If you can answer a question yourself, please do! But be careful not to post answers—if you’re not sure whether something is OK to post, contact the course staff privately. You can do that by sending a direct message in Slack to Alexandra and Noam.

A good post asks a specific question. Here are some examples of bad Slack posts:

If you need help with a homework problem, for example, be sure to include what you’ve tried already, exactly where you’re stuck, and what you’re currently thinking about how to proceed. If you just ask for help without any evidence of effort, we’ll punt the question back to you for more details.

Assignments: Gradescope

You will download homework assignments, upload solutions, and receive grades through Gradescope. Please log in there to see whether you’re in the system. If you’re not, please send your NetID to the course staff and we’ll get you set up.

Please, put your name and/or NetID onto your pdf solutions. We might need to print out the documents in order to grade them, so without your name or NetID it becomes difficult to match your work with you!

Content

We won’t use a textbook, but if you like books, we have some resources to suggest.

Grading

Final grades will be assigned with these proportions:

There is no algorithm for “curving” grades or any predetermined cutoffs, so we won’t be able to answer questions about letter-grade projections.

Assignments

Assignments are due on Wednesdays at 11:59 PM. See the course schedule. You can work on assignments with a partner; you’ll turn in one completed assignment together.
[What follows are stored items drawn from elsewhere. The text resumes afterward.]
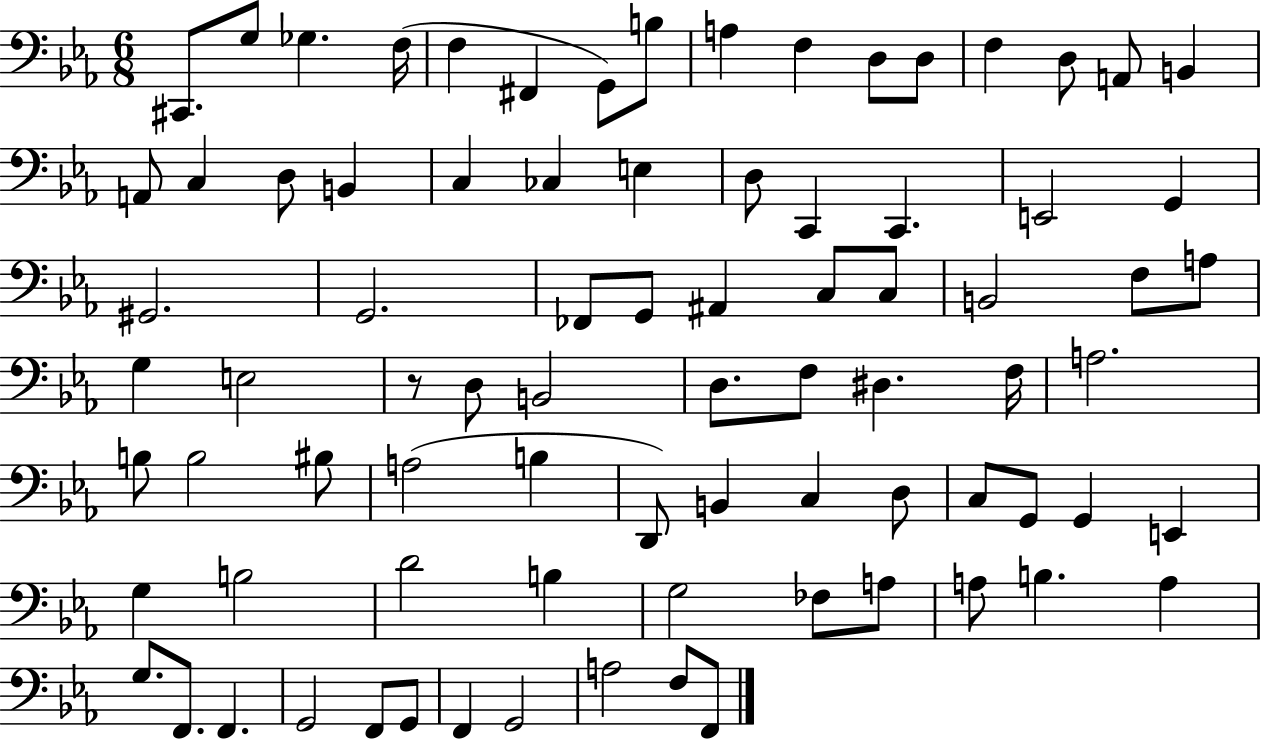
{
  \clef bass
  \numericTimeSignature
  \time 6/8
  \key ees \major
  cis,8. g8 ges4. f16( | f4 fis,4 g,8) b8 | a4 f4 d8 d8 | f4 d8 a,8 b,4 | \break a,8 c4 d8 b,4 | c4 ces4 e4 | d8 c,4 c,4. | e,2 g,4 | \break gis,2. | g,2. | fes,8 g,8 ais,4 c8 c8 | b,2 f8 a8 | \break g4 e2 | r8 d8 b,2 | d8. f8 dis4. f16 | a2. | \break b8 b2 bis8 | a2( b4 | d,8) b,4 c4 d8 | c8 g,8 g,4 e,4 | \break g4 b2 | d'2 b4 | g2 fes8 a8 | a8 b4. a4 | \break g8. f,8. f,4. | g,2 f,8 g,8 | f,4 g,2 | a2 f8 f,8 | \break \bar "|."
} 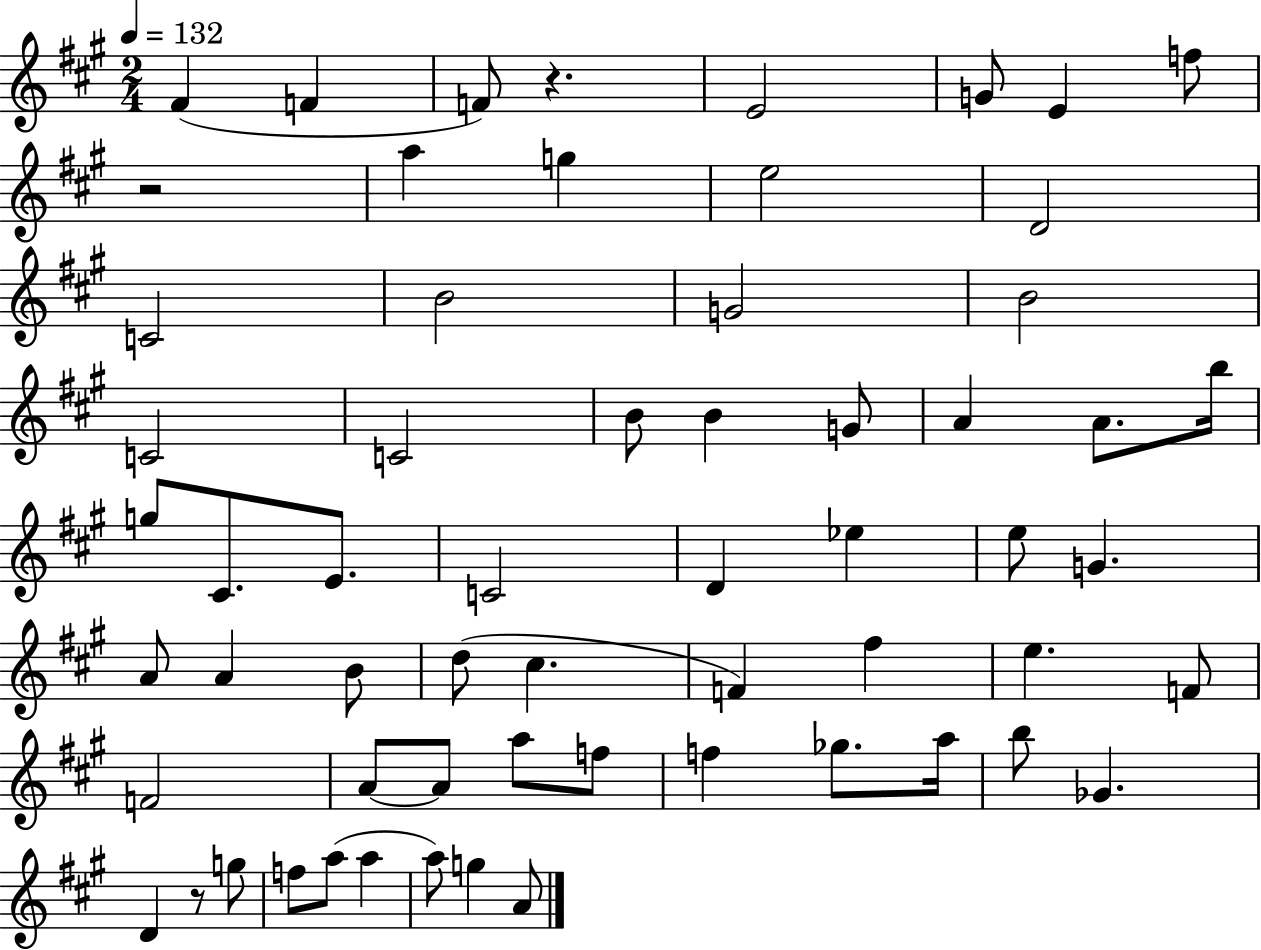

You’ll turn in assignments via Gradescope. We strongly encourage you to use TeX, but you can also write up answers by hand. If you do, scan your work and upload it as a PDF. It’s your responsibility to make sure scans are 100% legible—we won’t regrade work that was too hard to read.

Gold-Star Grading



We are using an experimental, simplified grading scheme for assignments this semester. Our goal is to focus on giving you useful feedback, not on “precisely” scoring every granular facet of a homework problem. There are three possible outcomes:

Earning gold stars on every assignment will achieve an A in the “assignments” category of your course grade.

Timeliness

Late work will not be accepted and will count for zero points. If you need an extension for extenuating circumstances, please talk to the course staff.

Exams

There will be a prelim and a final, both in a take-home format. You’ll be able to take the exams anywhere within a one-week period. See the course schedule.

Makeup exams must be scheduled within the first three weeks of class. Check the schedule now to see if you have a conflict with another class and contact the instructor immediately to reschedule.

Participation

To get full credit on the 5% of your grade allocated to participation, you just have to do three things:

Free points!

The Difficulty You Can Expect

This is a PhD-level course, which means the homework and exams can feel very different from undergrad courses. These differences may be surprising, especially if this is one of your first grad classes:

Grading on exams will intentionally focus on nitpicky details. Compared to other courses, we will give more weight to “small” mistakes and less weight to getting the general idea right. That’s the nature of this course, which is about formalism. Often, the intuitive idea behind a problem is totally obvious! Then, the topic we’re working on is 100% about getting the nitty-gritty formal details right so we can prove something beyond a shadow of a doubt.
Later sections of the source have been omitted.